Nel riflettere su questo tema, emergono sia aspetti positivi che negativi. In passato le riviste specializzate, poche e ben conosciute, si ponevano come unico verbo della cultura architettonica. Un prodotto editoriale sviluppato da persone colte e informate che davano una loro interpretazione più o meno lusinghiera di un progetto architettonico. Un testo, frutto di un’attenta ricerca sia in termini di informazioni che di critica. Ciò può essere considerato senz’altro come un pregio e di fatto è un qualcosa che continua a sussistere; tuttavia, si rende necessario essere consci che – oggi come in passato – la selezione dei progetti e dei testi che appaiono su carta è veicolata da linee editoriali ben definite e che limitano lo spettro delle pubblicazioni a quelle produzioni architettoniche coincidenti con gli interessi della rivista stessa. Quanto detto non vuole essere una critica e a mio avviso risulta in linea con quanto ci si dovrebbe aspettare da una rivista di architettura con a capo personalità di grande rilievo come è successo in passato. È necessario però, come già detto, avere il giusto senso critico e la consapevolezza che la produzione architettonica non si limita unicamente a un certo tipo di progetti. Contrariamente, le piattaforme digitali offrono – nella maggior parte dei casi – un più democratico e ampio repertorio di opere, ma a scapito di una selezione e di un approfondimento testuale necessario per comprendere appieno il progetto. I siti internet settoriali, che propongono i lavori di professionisti di tutto il mondo, sono spesso accompagnati da testi scritti dagli stessi progettisti, il che limita la lettura a una narrazione celebrativa e priva di una critica oggettiva. Esistono inoltre piattaforme in cui sono gli stessi autori a pagare per pubblicare i propri lavori, trasformando tali spazi in raccolte prive di un filo logico, in cui i progetti non vengono selezionati in base alla qualità, ma alle necessità economiche delle piattaforme stesse. Infine, i social network, che si concentrano più sulle immagini che sui testi, operano secondo algoritmi proprietari (il cui funzionamento spesso resta oscuro), e riflettono i gusti personali di chi le pubblica.

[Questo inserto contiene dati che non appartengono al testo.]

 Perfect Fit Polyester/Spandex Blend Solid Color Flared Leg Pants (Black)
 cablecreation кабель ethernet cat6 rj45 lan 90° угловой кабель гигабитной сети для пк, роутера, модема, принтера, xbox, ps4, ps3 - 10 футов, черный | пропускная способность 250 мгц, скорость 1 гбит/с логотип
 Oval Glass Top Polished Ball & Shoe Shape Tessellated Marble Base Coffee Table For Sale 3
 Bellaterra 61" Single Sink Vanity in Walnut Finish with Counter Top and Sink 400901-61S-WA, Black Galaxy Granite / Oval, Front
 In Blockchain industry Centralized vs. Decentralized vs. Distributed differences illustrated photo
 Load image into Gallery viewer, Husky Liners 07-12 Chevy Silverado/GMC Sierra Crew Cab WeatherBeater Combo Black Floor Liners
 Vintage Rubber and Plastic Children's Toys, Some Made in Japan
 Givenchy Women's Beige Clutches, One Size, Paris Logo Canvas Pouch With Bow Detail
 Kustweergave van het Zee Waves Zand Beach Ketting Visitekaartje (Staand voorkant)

Ciò che si perde, dalla mancata consultazione delle riviste, oltre ai progetti selezionati – le cui descrizioni offrivano un quadro complesso dell’opera – sono gli editoriali, i punti di vista e quei testi che, pur non parlando direttamente di progetti, riflettevano la posizione dell’autore nel dibattito architettonico. Cosa, quest’ultima, che a mio avviso è oggi rarefatta se non del tutto assente. Un azzeramento che, non delegittimando nulla, finisce per approvare indiscriminatamente ogni cosa, determinando la medesima liquidità che è propria agli studenti nella scelta dei loro riferimenti.
Vorrei condividere una proposta che potrebbe essere interessante e utile per comprendere meglio, anno dopo anno, gli orientamenti degli studenti delle scuole di architettura. Chiedere a questi ultimi, alla fine dell’anno accademico, la stampa di una reference che abbiano fatto propria durante i corsi di progettazione. Una sorta di esperimento alla Mnemosyne-Atlas di Aby Warburg, in grado di ricostruire una memoria culturale – attraverso immagini – per valutare nel tempo l’orientamento delle classi nonché la presenza di correnti iconografiche prevalenti.